▸ **Problem description**
Return the run of lines below that opens with the line containing "DMD COMUNICAÇÃO Logo" and closes with the line containing "Bolso Tote Bag Vine and Black", keeping each one exact.

--- Data in this exercise ---

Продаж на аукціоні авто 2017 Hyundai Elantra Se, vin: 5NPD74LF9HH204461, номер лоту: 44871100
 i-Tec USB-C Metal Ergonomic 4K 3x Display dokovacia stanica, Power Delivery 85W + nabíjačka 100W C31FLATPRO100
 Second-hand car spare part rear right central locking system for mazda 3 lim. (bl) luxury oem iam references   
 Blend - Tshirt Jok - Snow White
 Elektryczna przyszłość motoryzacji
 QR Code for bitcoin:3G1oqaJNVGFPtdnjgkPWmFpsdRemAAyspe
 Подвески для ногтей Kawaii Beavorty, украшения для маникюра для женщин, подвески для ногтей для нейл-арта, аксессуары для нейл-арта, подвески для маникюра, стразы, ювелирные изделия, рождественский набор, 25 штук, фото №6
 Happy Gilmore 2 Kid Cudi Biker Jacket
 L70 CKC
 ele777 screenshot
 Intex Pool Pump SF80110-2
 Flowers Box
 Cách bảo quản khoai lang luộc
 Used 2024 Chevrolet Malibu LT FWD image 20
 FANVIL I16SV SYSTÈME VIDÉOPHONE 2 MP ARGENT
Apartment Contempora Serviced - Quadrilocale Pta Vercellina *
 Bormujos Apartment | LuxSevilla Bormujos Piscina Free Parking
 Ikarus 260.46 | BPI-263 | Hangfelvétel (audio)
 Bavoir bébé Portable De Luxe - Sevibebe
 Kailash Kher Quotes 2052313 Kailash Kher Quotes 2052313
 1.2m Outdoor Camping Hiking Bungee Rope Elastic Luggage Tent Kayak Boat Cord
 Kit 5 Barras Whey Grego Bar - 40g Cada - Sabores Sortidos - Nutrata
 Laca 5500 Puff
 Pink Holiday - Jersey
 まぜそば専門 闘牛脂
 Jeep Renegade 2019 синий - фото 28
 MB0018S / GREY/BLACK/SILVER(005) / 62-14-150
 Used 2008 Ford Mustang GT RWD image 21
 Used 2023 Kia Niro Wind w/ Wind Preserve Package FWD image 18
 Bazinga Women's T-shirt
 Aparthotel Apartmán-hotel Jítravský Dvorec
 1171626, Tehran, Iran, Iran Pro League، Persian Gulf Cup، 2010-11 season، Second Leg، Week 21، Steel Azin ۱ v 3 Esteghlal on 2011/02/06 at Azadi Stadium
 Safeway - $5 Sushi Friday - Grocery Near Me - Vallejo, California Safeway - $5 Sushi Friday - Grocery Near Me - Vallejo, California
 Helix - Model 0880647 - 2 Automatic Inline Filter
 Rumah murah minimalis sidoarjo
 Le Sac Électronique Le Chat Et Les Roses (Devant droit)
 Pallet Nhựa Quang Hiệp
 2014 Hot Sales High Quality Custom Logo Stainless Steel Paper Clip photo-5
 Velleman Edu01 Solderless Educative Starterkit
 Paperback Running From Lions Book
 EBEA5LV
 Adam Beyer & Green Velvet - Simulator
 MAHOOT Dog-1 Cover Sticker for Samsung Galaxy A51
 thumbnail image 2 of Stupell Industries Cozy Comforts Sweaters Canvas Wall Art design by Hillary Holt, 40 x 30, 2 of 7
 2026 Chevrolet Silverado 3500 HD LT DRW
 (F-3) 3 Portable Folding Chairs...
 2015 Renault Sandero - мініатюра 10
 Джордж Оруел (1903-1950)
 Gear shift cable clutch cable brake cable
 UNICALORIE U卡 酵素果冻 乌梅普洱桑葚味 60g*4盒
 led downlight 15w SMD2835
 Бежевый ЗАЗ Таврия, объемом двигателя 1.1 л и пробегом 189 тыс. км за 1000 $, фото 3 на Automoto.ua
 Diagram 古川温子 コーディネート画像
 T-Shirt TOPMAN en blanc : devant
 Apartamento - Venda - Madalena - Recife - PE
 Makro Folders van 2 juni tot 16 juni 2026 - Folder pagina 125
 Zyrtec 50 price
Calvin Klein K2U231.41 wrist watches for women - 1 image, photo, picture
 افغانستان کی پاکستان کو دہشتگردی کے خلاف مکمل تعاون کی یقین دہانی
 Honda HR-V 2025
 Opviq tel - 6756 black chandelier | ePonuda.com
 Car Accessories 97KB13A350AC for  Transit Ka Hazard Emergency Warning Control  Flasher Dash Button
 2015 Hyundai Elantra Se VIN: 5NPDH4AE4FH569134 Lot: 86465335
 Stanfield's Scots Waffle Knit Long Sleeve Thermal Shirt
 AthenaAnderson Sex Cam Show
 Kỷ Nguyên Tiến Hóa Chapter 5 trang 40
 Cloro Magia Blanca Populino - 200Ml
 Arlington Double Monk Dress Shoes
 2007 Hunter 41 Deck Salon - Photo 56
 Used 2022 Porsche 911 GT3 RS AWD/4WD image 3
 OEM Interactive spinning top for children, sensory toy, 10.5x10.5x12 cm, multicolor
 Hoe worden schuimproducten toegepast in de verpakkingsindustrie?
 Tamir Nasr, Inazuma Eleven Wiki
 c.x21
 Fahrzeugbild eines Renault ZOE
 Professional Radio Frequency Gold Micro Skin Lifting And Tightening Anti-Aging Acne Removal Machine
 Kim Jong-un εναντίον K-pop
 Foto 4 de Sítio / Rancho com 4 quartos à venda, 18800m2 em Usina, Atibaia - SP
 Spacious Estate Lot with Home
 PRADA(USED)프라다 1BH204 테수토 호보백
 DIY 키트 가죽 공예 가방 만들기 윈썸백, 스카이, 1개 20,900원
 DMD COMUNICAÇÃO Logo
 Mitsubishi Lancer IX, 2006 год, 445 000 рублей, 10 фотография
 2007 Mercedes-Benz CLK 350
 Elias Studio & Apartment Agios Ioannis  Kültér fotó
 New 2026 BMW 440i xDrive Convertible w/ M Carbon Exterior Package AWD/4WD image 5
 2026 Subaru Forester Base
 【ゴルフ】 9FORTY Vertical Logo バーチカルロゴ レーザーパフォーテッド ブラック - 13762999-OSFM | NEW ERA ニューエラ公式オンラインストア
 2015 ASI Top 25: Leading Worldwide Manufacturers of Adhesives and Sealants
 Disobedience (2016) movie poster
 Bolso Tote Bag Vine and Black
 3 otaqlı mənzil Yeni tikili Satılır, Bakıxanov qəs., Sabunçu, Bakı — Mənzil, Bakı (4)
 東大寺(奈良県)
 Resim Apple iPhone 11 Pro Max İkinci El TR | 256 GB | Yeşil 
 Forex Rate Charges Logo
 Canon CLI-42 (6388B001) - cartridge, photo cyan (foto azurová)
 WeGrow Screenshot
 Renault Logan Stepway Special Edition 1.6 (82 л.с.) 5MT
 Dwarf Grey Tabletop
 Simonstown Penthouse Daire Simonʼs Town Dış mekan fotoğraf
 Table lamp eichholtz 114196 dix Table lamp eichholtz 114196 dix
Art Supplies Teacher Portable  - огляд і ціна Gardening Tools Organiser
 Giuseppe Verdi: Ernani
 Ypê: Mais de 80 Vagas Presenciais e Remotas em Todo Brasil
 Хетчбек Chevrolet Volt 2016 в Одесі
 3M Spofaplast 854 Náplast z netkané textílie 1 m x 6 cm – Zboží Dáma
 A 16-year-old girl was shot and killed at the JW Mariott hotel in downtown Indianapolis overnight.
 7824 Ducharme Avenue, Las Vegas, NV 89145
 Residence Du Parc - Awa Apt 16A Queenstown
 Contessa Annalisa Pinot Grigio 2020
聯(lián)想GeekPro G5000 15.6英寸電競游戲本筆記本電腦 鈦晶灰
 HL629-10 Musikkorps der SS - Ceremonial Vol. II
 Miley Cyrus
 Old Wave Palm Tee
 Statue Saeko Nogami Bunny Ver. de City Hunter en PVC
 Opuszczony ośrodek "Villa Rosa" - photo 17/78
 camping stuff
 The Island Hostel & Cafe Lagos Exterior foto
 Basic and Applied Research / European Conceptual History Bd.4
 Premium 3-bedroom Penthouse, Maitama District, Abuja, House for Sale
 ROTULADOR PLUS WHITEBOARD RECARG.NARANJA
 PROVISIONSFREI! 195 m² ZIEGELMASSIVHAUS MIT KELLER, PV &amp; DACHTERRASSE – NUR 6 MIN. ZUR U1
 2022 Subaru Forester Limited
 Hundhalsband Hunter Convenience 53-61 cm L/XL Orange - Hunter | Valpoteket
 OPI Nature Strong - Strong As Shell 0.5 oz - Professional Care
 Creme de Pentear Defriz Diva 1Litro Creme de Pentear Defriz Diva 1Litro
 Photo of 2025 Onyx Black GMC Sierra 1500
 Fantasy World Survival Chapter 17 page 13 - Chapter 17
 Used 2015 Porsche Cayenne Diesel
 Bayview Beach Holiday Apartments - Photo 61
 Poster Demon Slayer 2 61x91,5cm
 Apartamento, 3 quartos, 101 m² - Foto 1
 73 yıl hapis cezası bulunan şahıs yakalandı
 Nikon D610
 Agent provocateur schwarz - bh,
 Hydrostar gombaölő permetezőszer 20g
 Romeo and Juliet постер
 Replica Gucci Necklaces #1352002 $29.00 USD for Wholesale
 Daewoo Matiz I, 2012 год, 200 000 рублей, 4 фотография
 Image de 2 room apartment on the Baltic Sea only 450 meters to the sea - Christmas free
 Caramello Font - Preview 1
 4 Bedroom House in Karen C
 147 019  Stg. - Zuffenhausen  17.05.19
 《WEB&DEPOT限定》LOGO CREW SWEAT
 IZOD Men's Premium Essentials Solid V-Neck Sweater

---

▸ **Task output**
 DMD COMUNICAÇÃO Logo
 Mitsubishi Lancer IX, 2006 год, 445 000 рублей, 10 фотография
 2007 Mercedes-Benz CLK 350
 Elias Studio & Apartment Agios Ioannis  Kültér fotó
 New 2026 BMW 440i xDrive Convertible w/ M Carbon Exterior Package AWD/4WD image 5
 2026 Subaru Forester Base
 【ゴルフ】 9FORTY Vertical Logo バーチカルロゴ レーザーパフォーテッド ブラック - 13762999-OSFM | NEW ERA ニューエラ公式オンラインストア
 2015 ASI Top 25: Leading Worldwide Manufacturers of Adhesives and Sealants
 Disobedience (2016) movie poster
 Bolso Tote Bag Vine and Black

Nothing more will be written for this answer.